Wholesaler and Buyer Speculation on Short-Term Rentals and Wraps
There’s a lot of optimism about Airbnb, mid-term rentals, co-living, and wrap mortgage exit strategies as the solution for deals that don’t cash flow. But relying on these strategies to make the numbers work is a risky bet. Each has its own set of problems. Making sure you can afford any monthly losses as an LTR fallback, or that you can sell it off to get out of the deal without losing $$ is essential to risk management.
Critical Questions to Ask Before You Commit
When you’re evaluating a creative finance deal, you need to go beyond the hype and ask yourself some tough questions:
What’s my actual entry cost?
This includes everything—down payment, assignment fees, back payments, repairs, reserves, utilities, marketing, and closing costs. AND anything else you want or have to spend to get that deal to the point it's producing income for you. Are you comfortable with the amount of cash you’re tying up and how long it will take to get operational? Maybe don't start a short term rental in December if that's the slow season...How does it perform as a long-term rental?
The property should stand on its own without relying on speculative strategies. If it doesn’t cash flow as a traditional rental, it’s not a sound investment unless you’re getting something significant in return. That can be a discount (so that you're buying it with equity) or a low interest rate that's worth more in the long run, even if it loses a couple hundred per month for the first couple of years. You have to know this before you jump on the deal though; it's not a willy-nilly decision. You have to say it to yourself and partners: "I'm going to lose $275 per month for the next 2 years on this property... and I can afford to do that because _____, and it's worth it because ____. And if things go wrong, my recovery strategy is _____."What’s my exit strategy?
Every deal needs a clear plan for how you’ll get your money back. It's best to have long term rental or sale as a fallback strategy if you're moving on one of the more speculative strategies. Don't buy over-market price! You won't be able to sell or refinance. Make sure your plan is realistic and aligns with the market conditions and seasonality of the market.
Additional Points to Watch For
Overpriced Properties: Sellers and wholesalers often attach creative finance terms to properties priced well above market value. Don’t let the financing blind you to the property’s actual worth.
Underestimated Expenses: Property management, vacancy rates, and ongoing maintenance costs are often overlooked in cash flow calculations. Make sure you account for the full financial picture.
Tax Changes: Homestead exemption disappears when the owner-occupant sells to an investor... Are you ready for that? In Texas, veterans pay no property tax... are you ready to start paying $1,000/mo or more in property taxes on that deal?

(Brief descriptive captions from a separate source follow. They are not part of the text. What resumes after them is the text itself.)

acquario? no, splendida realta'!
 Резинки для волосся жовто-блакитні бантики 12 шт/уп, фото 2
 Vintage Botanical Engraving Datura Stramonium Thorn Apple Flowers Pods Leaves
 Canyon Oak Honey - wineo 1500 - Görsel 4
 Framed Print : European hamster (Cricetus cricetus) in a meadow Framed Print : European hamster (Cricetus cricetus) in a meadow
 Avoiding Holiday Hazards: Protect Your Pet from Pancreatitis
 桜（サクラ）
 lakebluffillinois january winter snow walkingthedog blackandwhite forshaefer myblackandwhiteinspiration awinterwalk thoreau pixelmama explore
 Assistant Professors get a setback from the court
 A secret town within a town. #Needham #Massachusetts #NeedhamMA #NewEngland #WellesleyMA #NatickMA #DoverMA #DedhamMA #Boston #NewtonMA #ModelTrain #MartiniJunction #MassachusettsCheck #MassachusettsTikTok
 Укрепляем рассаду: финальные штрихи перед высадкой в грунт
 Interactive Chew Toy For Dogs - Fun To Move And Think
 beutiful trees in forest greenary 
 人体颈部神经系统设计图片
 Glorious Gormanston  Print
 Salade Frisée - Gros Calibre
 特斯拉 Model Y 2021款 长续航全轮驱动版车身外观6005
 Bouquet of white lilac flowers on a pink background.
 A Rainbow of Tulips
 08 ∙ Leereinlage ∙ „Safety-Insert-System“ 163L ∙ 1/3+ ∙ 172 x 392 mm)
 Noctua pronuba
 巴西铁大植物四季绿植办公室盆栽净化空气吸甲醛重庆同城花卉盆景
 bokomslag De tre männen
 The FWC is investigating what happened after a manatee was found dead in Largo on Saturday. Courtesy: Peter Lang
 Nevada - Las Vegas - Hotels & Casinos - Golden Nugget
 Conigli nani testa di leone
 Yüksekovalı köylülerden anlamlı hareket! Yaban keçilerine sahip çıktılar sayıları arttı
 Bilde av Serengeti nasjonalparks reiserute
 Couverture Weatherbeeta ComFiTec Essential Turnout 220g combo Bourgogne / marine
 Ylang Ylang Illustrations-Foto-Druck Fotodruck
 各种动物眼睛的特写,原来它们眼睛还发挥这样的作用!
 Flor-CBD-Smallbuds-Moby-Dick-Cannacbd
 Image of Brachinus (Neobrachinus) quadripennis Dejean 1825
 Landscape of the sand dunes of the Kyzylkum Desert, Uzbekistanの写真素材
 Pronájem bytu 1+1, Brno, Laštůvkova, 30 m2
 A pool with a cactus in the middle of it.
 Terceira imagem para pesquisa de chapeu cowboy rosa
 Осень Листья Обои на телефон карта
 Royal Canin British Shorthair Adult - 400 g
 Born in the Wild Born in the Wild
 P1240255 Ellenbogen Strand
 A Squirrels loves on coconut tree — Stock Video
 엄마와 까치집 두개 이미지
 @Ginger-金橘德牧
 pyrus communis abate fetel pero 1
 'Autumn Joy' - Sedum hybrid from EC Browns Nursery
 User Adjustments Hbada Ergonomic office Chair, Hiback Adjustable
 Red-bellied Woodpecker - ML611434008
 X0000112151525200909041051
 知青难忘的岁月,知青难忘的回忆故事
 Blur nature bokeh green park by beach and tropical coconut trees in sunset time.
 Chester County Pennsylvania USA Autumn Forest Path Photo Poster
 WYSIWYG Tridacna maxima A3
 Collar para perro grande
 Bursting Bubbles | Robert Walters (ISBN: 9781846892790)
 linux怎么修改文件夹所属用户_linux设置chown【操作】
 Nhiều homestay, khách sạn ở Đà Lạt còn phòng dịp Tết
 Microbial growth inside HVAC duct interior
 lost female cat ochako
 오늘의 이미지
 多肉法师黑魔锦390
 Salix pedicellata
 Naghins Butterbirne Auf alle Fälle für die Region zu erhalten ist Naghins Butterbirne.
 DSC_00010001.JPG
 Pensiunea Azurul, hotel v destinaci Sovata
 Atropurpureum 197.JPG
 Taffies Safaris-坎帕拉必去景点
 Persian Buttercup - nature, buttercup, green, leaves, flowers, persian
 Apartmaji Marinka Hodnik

Insurance Availability and Price: You'd better be sure you can get affordable insurance in that area before you lose your EMD. Some deals can't even get insurance if active disasters are in play (wildfires, earthquakes, hurricanes, etc)
The Bottom Line
The first rule of real estate is simple: the numbers have to work. It's no different for creative finance. There are more ways to make the numbers work with creative, but an opportunity is not a deal. A deal that doesn’t at least break even as a long-term rental is generally unsafe except for the advanced investor who's cashed up to weather the problems.
Don’t let "doing a creative deal" push you into a bad deal. Learn to underwrite; and wait for the right deal.
Want to Analyze Deals Like a Pro?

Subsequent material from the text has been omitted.